El 70% de los aspirantes a soldados fueron rechazados por problemas de drogas

El Ministerio de Defensa está en alerta  por las cifras del último ingreso a las Fuerzas Armadas. Sólo el 30% de los aspirantes a ser soldados aprobaron el examen psicofísico. El resto, presenta problemas con drogas y un bajo nivel educativo.

Actualmente existen unos 19.000 soldados voluntarios en la Argentina. Forman parte del régimen creado desde el año 1994 en reemplazo al anterior sistema de Servicio Militar Obligatorio. Sin embargo, se estima que de cada tres jóvenes de entre 18 y 24 años que quieren ingresar en las filas militares como una salida laboral o por vocación, sólo uno puede entrar sin inconvenientes.

“Es lamentable decirlo pero muchos jóvenes están quemados por las drogas o directamente no saben leer ni escribir.Esto es parte de la realidad de la Argentina”, explicó a Infobae un funcionario del área castrense en base a los informes que el Ministerio de Defensa recibe del Ejército.

Los datos son contundentes: en 2018 de los 1.800 jóvenes que se presentaron en Campo de Mayo para la revisación médica y psicológica, sólo 360 fueron aceptados. Al resto se los debió rechazar por presentar varios problemas:intoxicación en el cuerpo por drogas, problemas de lectura y escritura, tatuajes que impiden la donación de sangre y otro tipo de inconvenientes psicofísicos.

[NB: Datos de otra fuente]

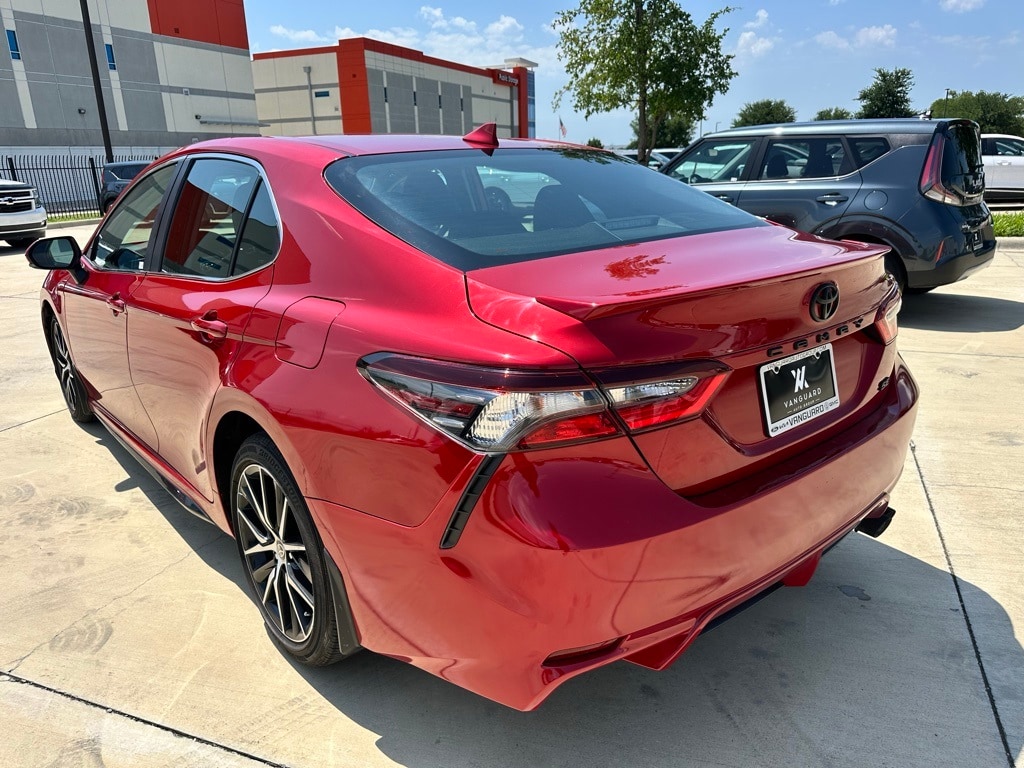 Used 2023 Toyota Camry SE with VIN 4T1G11AK7PU161249 for sale in Arlington, TX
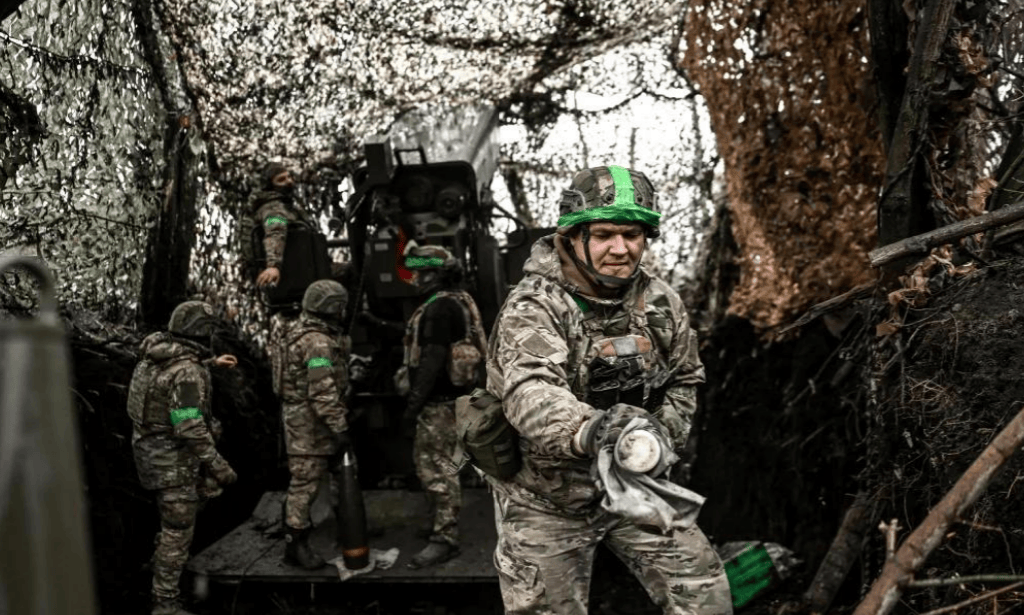 俄罗斯决定放乌克兰一马，莫斯科开出条件，泽连斯基能做到就停战！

Esta tendencia se reiteró y se agravó en los primeros meses de este año. De los 600 jóvenes que se presentaron en Campo de Mayo para ingresar como soldados voluntarios en el Ejército hasta ahora, sólo 40 pudieron sortear el examen psicofísico. En todos los casos se reiteraban problemas de adicciones y retrasos educativos severos que impedían a las Fuerzas Armadas darles el apto.

“No podemos incorporar a una persona en condiciones de adicción o con problemas de lectura si va a manejar un arma o tendrá la responsabilidad de cuidar de la sociedad. En esto tenemos tolerancia cero”, explicó otro funcionario de Defensa que sigue de cerca los exámenes que realiza el Ejército.

Los que se acercan para hacer voluntarios lo hacen por un tema económico: cobran unos 17.000 pesos mensuales y tienen cobertura social. En sus primeras semanas dentro del Ejército pasan por un período de instrucción básica como soldado individual, aprenden técnicas y tácticas para el ámbito castrense dentro de cada unidad y pueden desempeñarse como soldados hasta los 28 años, que es cuando indefectiblemente deberán dejar la Fuerza.

No obstante, los ingresantes luego pueden decidir continuar en el Ejército más allá de la edad en la carrera de suboficial en la Escuela de Suboficiales del Ejército “Sargento Cabral” o de oficial, en el Colegio Militar de la Nación.

La semana pasada el Ejército lanzó una nueva convocatoria a inscripción para soldados voluntarios. Lo hicieron para las provincias de Buenos Aires, Chaco, Misiones, Córdoba, Jujuy y Salta.

Entre los requisitos que se les exigen figura: ser ciudadano/a argentino/a nativo/a, por opción o naturalizado; tener entre 18 y 24 años al momento de la incorporación; ser soltero/a, pudiendo tener hijos y/o personas legalmente a cargo; tener estudios primarios aprobados; presentar certificado de antecedentes penales y poseer buenas condiciones físicas y de salud para lograr el apto psicofísico.